The (UK) Sun reported in 2007 that he was “swanning around Britain in a chauffer-driven limo and surrounding himself with young boys.” He can no longer be located, despite supposedly being under police “supervision.”

Egan’s mother reported the abuse to the FBI and LAPD back in 2000, the family’s lawyer, Jeff Herman, says. Nothing was done.

Singer’s lawyer calls Egan’s suit “absurd” and “defamatory.” But the allegations just keep piling up.

Singer is now the subject of another lawsuit filed this week by a young British man who alleges Singer’s producer pal Gary Goddard groomed him online from the age of 14, raped him at 16 and shared him with Singer after the London premiere of Singer’s movie “Superman Returns” in 2006.

Internet photos have been circulating for years showing Singer with a parade of young boys and men draped around him.

Egan’s claims are especially chilling in light of similarly lurid allegations made 17 years ago on the set of Singer’s movie “Apt Pupil.”

Three boys — ages 14, 16 and 17 — filed suit claiming Singer and his crew forced them to take off peach-colored G-strings and strip naked in a shower scene for the movie. Authorities investigated. The suit was dismissed. Nothing was done.

The alleged child-rape scandal exposed by Egan doesn’t exist in a vacuum:

Last year, former child actor Corey Feldman sounded the alarm on rampant pedophilia in a brave, scathing memoir. He recounted how his best friend and co-star, the late Corey Haim, was sodomized by an older male on a film set.

The boys, fed cocaine by a string of predators, attended parties with Hollywood talent manager and child actors’ rep Marty Weiss.
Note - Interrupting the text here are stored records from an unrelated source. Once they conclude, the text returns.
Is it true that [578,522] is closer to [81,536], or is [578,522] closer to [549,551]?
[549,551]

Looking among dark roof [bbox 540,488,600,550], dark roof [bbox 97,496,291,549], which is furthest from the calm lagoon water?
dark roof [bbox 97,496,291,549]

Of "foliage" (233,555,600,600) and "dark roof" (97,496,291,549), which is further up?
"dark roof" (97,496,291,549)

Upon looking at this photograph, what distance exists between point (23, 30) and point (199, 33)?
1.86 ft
Now a registered sex offender, Weiss pleaded no contest in 2012 to lewd acts on a child under the age of 14. The victim, another young child actor, alleged Weiss sexually assaulted him between 30 and 40 times from the age of 11.
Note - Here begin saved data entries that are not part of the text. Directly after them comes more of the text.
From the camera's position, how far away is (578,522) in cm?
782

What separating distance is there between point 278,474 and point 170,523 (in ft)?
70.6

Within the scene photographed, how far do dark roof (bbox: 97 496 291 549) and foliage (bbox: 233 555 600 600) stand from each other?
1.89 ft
Boy-band impresario Lou Pearlman hosted sleepover parties wearing only a towel and solicited massages from young male singers. “Certain things happened, and it almost destroyed our family,” boy-band star Nick Carter’s mother told Vanity Fair years ago. “I tried to warn everyone.”

Former child actor Todd Bridges (“Diff’rent Strokes”) says he was abused by his agent.

Former teen pop princess Debbie Gibson has spoken of “older male record executives” who hit on her while she was underage.

Despite longstanding allegations of molestation and rape, directors Woody Allen and Roman Polanski still enjoy professional acclaim and adoration of their peers.

Fashion photographer Terry Richardson continues to enjoy the support of Lady Gaga, Beyonce, Rihanna and Miley Cyrus despite years of allegations of misogyny, manipulation and sexual misconduct against young models.

If all of these sickos had been Catholic priests or college fraternity members, we wouldn’t have heard the end of it.

Perhaps the social-justice awareness-raisers in the Hollywood left should take a break from pointing fingers at everyone else — and put a stop to the monsters in their own midst.